# What do you do that no-one else does?



## bobmac (Oct 3, 2014)

Obviously keep it clean but do you do anything that you think you are the only one that does it?

To start you off....
Am I the only person who eats baked beans straight from the fridge onto the plate?
Nothing worse than hot beans


----------



## dewsweeper (Oct 3, 2014)

bobmac said:



			Obviously keep it clean but do you do anything that you think you are the only one that does it?

To start you off....
Am I the only person who eats baked beans straight from the fridge onto the plate?
Nothing worse than hot beans 

Click to expand...

I like cold baked beans also.
I also enjoy Friday  nights curry leftovers for my breakfast at 7.00am on Sat before a 7.45 tee off.
Cold curry is great,as is lasagne and shepherds pie etc.
Dewsweeper
Ps my wife thinks I am disgusting for these habits.


----------



## PhilTheFragger (Oct 3, 2014)

Cold ambrosia cream rice
Straight out of the tin

Nectar


----------



## pokerjoke (Oct 3, 2014)

Im the only one that goes to our practice range at 6.30am its still dark.


----------



## gripitripit (Oct 3, 2014)

I am the only person that drives a 1995 Rover 416 Touring...!!!


----------



## Khamelion (Oct 3, 2014)

bobmac said:



			Obviously keep it clean but do you do anything that you think you are the only one that does it?

To start you off....
Am I the only person who eats baked beans straight from the fridge onto the plate?
Nothing worse than hot beans 

Click to expand...




dewsweeper said:



			I like cold baked beans also.
I also enjoy Friday  nights curry leftovers for my breakfast at 7.00am on Sat before a 7.45 tee off.
Cold curry is great,as is lasagne and shepherds pie etc.
Dewsweeper
Ps my wife thinks I am disgusting for these habits.
		
Click to expand...




PhilTheFragger said:



			Cold ambrosia cream rice
Straight out of the tin

Nectar 

Click to expand...

Me also to all three replies above.

and to add, I have a cold shower every morning.


----------



## Lord Tyrion (Oct 3, 2014)

There are people doing some very clearly wrong things out here.

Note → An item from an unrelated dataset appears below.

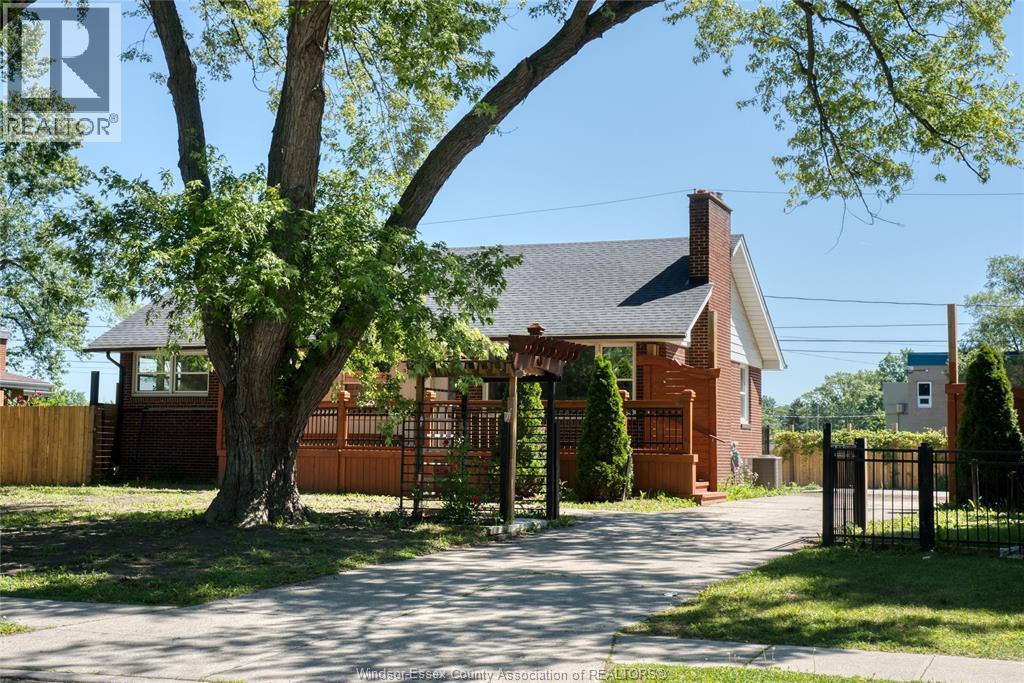 3310 Rankin Avenue, Windsor — photograph 2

Food that is meant to be hot should not be eaten cold. It is just wrong folks. dewsweeper - your wife is right :thup:


----------



## Ads749r (Oct 3, 2014)

When getting a glass of water I have to fill the glass 5 times before I drink as I think the water is contaminated. Total waste of water but I throw up if I only do it 4. Total waste of water but I save it elsewhere. True story.


----------



## Old Skier (Oct 3, 2014)

Well this one went off topic quick as we all seem to eat the same thing . Could I add, digestive biscuits with strong cheddar cheese and strawberry jam.


----------



## c1973 (Oct 3, 2014)

PhilTheFragger said:



			Cold ambrosia cream rice
Straight out of the tin

Nectar 

Click to expand...

Indeed. No need to dirty a plate at all. 

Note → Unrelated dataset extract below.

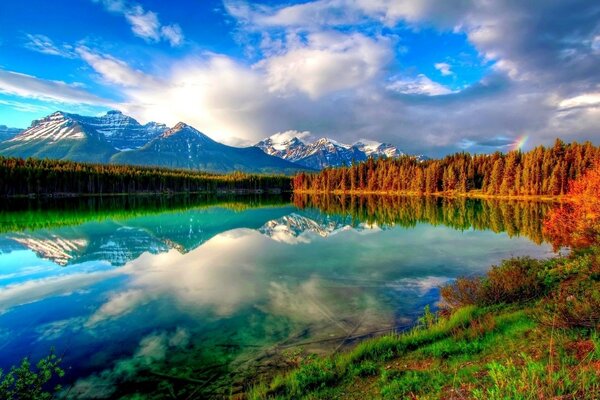 Clouds and mountains are reflected in the lake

Cold toast is a favourite of mine.


----------



## patricks148 (Oct 3, 2014)

what a bunch of freaks.... shakes head smiley


----------



## Doh (Oct 3, 2014)

bobmac said:



			Obviously keep it clean but do you do anything that you think you are the only one that does it?

To start you off....
Am I the only person who eats baked beans straight from the fridge onto the plate?
Nothing worse than hot beans 

Click to expand...


No your not Bob I have been doing that for many years. Best of all is cold bean butties.


----------



## AmandaJR (Oct 3, 2014)

I have this weird thing going on in my brain most of the time...I hear a phrase and then spell it in my head whilst trying to split it into letters of equal numbers!!

So "letters of equal numbers" will stick and I'll start with 2's le tt er so fe qu al nu mb er s - damn let's try 3's let ter sof equ aln umb ers RESULT 

If it doesn't split equally I add them up to establish the total so I know why not...

Am I mad? Don't answer that!

PS Punctuation such as apostrophes count too!


----------



## Slime (Oct 3, 2014)

AmandaJR said:



			I have this weird thing going on in my brain most of the time...I hear a phrase and then spell it in my head whilst trying to split it into letters of equal numbers!!
		
Click to expand...

That's a worry ........................ but I do something similar.
When I'm thinking random stuff, I'll say it out loud, in my head, but backwards! That's sdrawkcab! Please help me!!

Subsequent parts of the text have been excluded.